Thirty many years later, I was curious to get Morahan’s ideas on the legacy of the video. “Well, I wish I had 1 cent for each time it obtained played on YouTube,” he explained with a chortle. “Actually, I obtained a contact pretty a handful of a long time again, 10 or 15 decades in the past, from an assistant to Sofia Coppola. She required to invest in any memorabilia or storyboards from ‘November Rain.’ And it did not strike me until then that this could have had an impact on many others. I do not assume I recognized the electrical power of MTV really until finally years later. We all took it for granted mainly because we have been in this bubble.”

Soon after I spoke with Morahan, I attained out to Sofia Coppola to ask why the “November Rain” movie resonated with her. “It was so epic and glamorous. I beloved it,” Coppola explained by using email. “I was truly into the Axl and Stephanie appreciate story. I painted a commemorative plate of them in art college, like they do for royal couples. Our pal Shawn Mortensen is the photographer in the [wedding reception scene]. It was a second when I lived in L.A. and Guns N’ Roses were massive and Nirvana was about to occur along and every little thing shifted.”

And of class, I questioned Coppola for her feelings on the cake soar. “Ha funny, I did not keep in mind that element,” she wrote back again. “But I just viewed yet again, and it goes along with the drama of the total thing. I enjoy that it’s so sincere and really embracing the drama.”

“I adore that it truly is so honest and seriously embracing the drama.” —Sofia Coppola, fan


I continued my sleuthing and finished up down a rabbit hole that I imagine led to the name of the cake jumper. In the reviews area on Blogspot, a man from Sweden named Jim mentioned he was on a teach in Malaysia and sat up coming to an actor, nicknamed “Slow,” who claimed to be the cake jumper. I reached out to Jim and Sluggish, but neither responded to my email messages. So I simply cannot positively ID him. His identification will continue being unidentified for now, but I feel like I solved a even larger mystery: Soon after talking to Morahan, I finally understood why the shot of the guy careening into the cake has caught with me all these yrs. 

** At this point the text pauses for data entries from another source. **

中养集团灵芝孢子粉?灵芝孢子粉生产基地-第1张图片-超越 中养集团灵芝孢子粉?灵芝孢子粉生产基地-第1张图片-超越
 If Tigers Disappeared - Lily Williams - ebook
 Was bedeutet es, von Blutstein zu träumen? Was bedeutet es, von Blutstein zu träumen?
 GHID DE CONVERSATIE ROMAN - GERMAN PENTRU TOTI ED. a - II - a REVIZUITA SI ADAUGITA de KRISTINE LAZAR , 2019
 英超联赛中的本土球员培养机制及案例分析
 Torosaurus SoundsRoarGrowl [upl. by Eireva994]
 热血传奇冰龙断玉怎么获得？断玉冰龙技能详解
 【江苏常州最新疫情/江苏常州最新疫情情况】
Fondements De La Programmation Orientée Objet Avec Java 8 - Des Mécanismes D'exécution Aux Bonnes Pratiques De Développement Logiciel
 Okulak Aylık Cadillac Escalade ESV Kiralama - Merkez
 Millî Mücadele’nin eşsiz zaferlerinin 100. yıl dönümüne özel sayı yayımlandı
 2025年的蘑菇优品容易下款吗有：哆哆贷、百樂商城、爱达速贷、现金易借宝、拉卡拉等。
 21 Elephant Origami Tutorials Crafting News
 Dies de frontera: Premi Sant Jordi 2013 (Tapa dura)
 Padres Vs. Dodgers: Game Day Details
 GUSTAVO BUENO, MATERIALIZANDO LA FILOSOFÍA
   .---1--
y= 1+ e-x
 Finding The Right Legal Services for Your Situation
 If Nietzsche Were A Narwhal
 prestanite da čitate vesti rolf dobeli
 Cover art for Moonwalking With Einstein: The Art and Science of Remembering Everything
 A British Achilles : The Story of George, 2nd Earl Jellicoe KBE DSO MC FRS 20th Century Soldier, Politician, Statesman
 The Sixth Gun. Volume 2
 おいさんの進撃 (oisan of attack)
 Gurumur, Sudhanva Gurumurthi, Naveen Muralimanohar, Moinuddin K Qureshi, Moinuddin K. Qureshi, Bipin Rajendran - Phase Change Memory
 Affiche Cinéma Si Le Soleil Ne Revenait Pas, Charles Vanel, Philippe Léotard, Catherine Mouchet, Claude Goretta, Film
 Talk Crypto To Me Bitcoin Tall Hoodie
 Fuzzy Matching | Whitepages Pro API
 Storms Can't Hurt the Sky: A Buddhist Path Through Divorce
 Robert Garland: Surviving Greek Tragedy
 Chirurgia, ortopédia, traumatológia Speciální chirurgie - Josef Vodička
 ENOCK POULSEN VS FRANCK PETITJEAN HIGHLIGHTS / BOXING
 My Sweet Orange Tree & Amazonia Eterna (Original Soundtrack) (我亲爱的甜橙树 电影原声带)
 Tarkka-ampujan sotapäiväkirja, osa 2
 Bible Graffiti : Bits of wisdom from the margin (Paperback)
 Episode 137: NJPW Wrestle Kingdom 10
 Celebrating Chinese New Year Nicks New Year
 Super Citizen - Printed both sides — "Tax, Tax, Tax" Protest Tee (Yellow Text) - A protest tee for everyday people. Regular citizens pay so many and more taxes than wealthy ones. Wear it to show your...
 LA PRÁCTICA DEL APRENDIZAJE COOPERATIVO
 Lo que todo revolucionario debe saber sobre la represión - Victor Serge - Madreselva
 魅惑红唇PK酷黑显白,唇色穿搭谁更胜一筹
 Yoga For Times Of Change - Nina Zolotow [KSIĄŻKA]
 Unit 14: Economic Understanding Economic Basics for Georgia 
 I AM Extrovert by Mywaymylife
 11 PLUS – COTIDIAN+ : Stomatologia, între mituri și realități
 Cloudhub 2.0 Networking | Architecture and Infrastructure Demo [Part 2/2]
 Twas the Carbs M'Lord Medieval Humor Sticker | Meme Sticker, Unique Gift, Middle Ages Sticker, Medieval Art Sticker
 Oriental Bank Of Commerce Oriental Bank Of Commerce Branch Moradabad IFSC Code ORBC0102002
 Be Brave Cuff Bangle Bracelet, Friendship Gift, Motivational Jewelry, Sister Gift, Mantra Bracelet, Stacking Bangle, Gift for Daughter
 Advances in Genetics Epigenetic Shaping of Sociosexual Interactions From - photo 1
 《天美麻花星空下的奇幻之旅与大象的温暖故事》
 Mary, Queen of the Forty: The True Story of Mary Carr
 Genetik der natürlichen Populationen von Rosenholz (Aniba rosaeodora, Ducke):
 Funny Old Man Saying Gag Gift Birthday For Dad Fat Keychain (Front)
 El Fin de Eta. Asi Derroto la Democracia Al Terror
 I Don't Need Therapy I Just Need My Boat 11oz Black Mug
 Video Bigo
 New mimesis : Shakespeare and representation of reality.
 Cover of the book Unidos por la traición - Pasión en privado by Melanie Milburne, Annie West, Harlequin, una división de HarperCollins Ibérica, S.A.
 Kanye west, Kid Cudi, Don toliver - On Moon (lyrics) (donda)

We appreciate when artists get massive swings—from the Sistine Chapel to the Beatles’ White Album. From time to time assignments with outsized ambitions falter, but we’re thrilled when an artist goes major, specifically if, like Rachtman mentioned, they carry their pals together for the journey. Pearl told me that a helicopter nearly crashed into Slash whilst they shot his solo. Morahan reported that they moved an entire chapel to the center of nowhere in New Mexico for that exact shot. The video’s spending plan ballooned to $1.5 million. There is very little fifty percent-assed about “November Rain.” 

That is what the cake shot encapsulates: With “November Rain,” Morahan and Guns N’ Roses weren’t just swinging for the fences, they had been aiming to demolish them. If the marriage visitor experienced clumsily fallen into the cake, it wouldn’t have worked. He necessary to propel himself like a Scud missile into the cake for the shot to belong in the video clip. As Axl sings, nothin’ lasts endlessly. But when you go for the glory, people will nevertheless be conversing about it thirty years later.